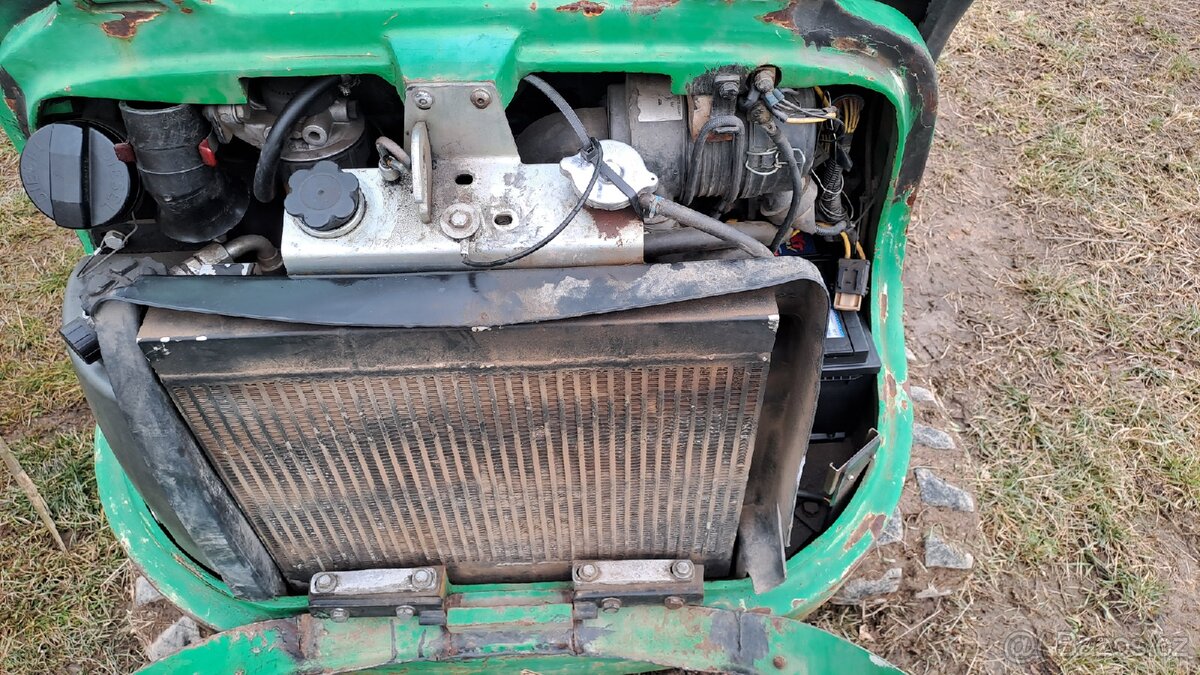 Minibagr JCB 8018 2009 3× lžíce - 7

==========

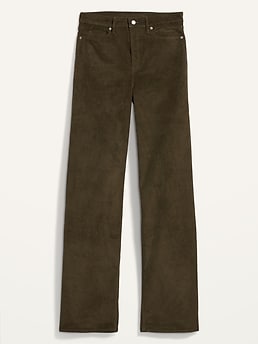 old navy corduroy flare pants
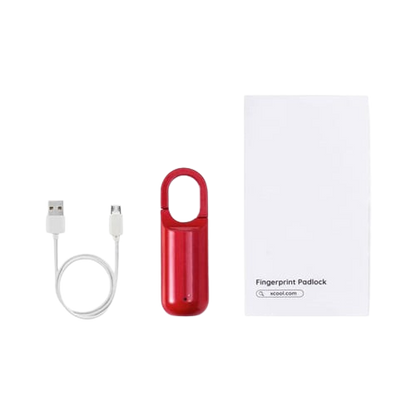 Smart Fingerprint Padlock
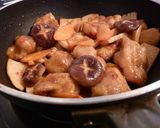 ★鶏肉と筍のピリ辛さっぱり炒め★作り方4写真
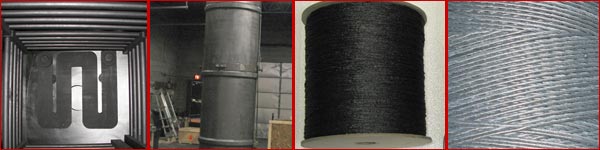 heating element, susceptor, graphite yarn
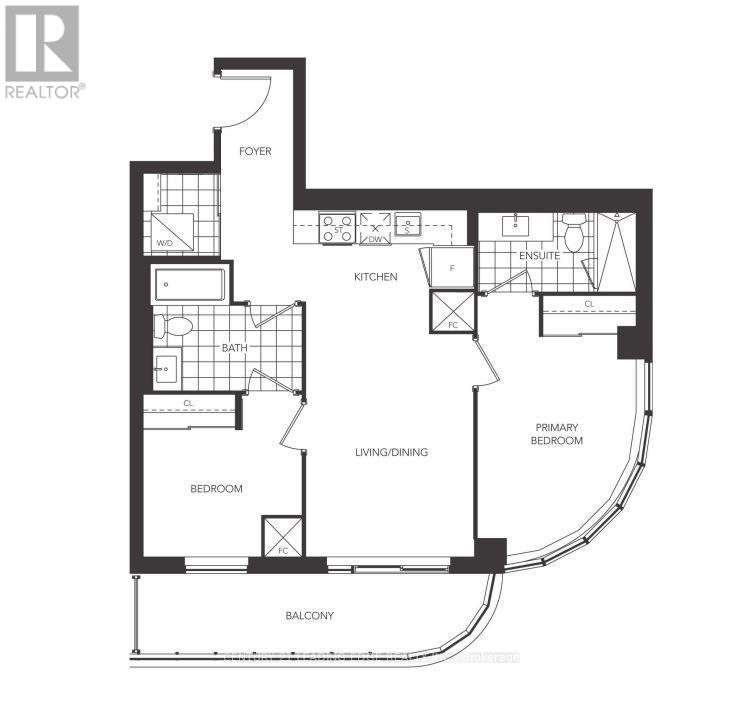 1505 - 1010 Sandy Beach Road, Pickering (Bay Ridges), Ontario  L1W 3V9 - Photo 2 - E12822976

==========

## WHAT TO PRODUCE
From the data above, retype only the lines starting with the line with "old navy corduroy flare pants" and going on through the line with "1505 - 1010", exactly, leaving out the pictures.

## EXERCISE RESPONSE
 old navy corduroy flare pants
 Smart Fingerprint Padlock
 ★鶏肉と筍のピリ辛さっぱり炒め★作り方4写真
 heating element, susceptor, graphite yarn
 1505 - 1010 Sandy Beach Road, Pickering (Bay Ridges), Ontario  L1W 3V9 - Photo 2 - E12822976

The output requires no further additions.